## Task statement
Give the data again word for word; drop the pictures.

::: Supplied information :::

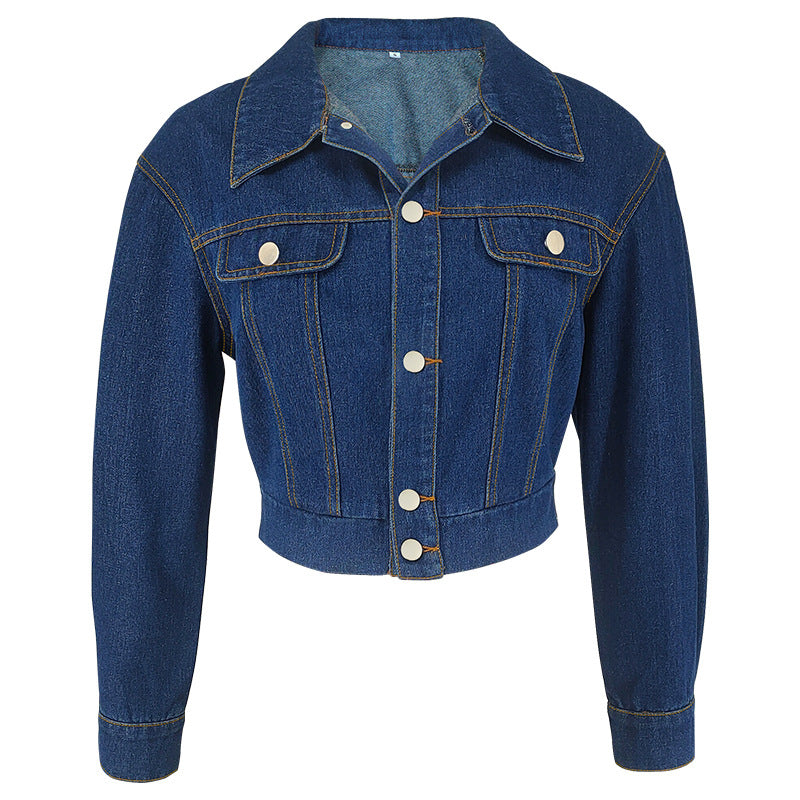 Button Cardigan Long Sleeve Short Denim Jacket GDAM 218578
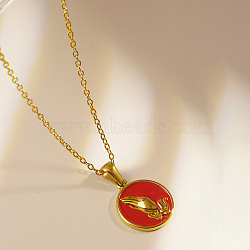 Stylish Stainless Steel Enamel Enamel Pendant Necklaces, with Cable Chain for Women, Flat Round with Prayer Sign, Red, 17.72 inch(45cm)(ZI7036-1)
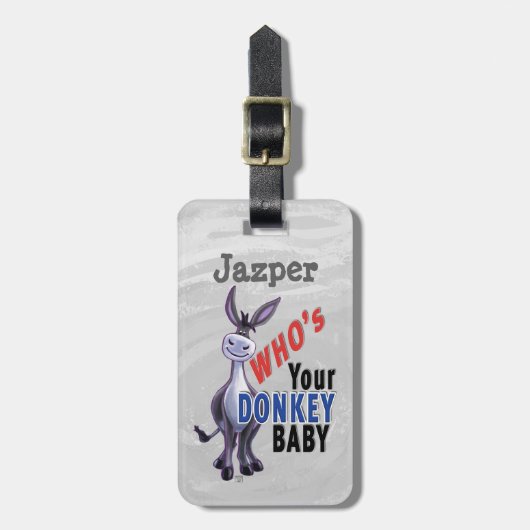 Funny Donkey, wer ist dein Donkey Baby? Gepäckanhänger (Vorderseite vertikal)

:::

## Output for this task
 Button Cardigan Long Sleeve Short Denim Jacket GDAM 218578
 Stylish Stainless Steel Enamel Enamel Pendant Necklaces, with Cable Chain for Women, Flat Round with Prayer Sign, Red, 17.72 inch(45cm)(ZI7036-1)
 Funny Donkey, wer ist dein Donkey Baby? Gepäckanhänger (Vorderseite vertikal)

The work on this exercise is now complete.